§ **Directions**
The expected output is the data below, character for character, without its pictures.

[Dataset extract]

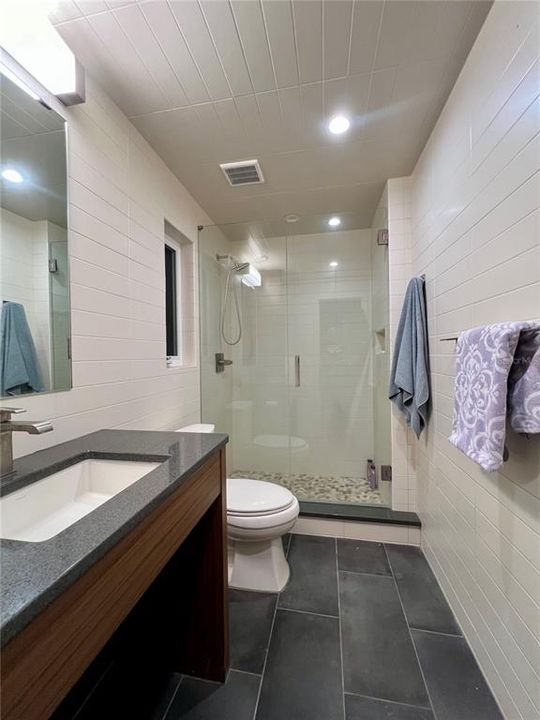 For Sale: $1,149,900 (2 beds, 2 baths, 1244 Square Feet)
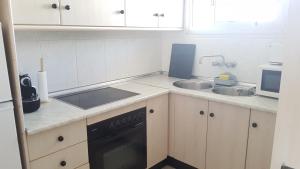 Kuchnia lub aneks kuchenny w obiekcie Fuengirola & sea views by ELE Apartments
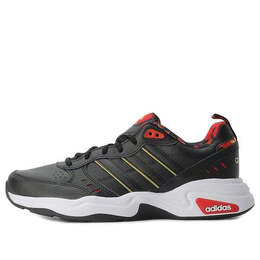 Adidas: Чёрные кроссовки  Strutter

[/Dataset extract]

§ **Answer box**
 For Sale: $1,149,900 (2 beds, 2 baths, 1244 Square Feet)
 Kuchnia lub aneks kuchenny w obiekcie Fuengirola & sea views by ELE Apartments
 Adidas: Чёрные кроссовки  Strutter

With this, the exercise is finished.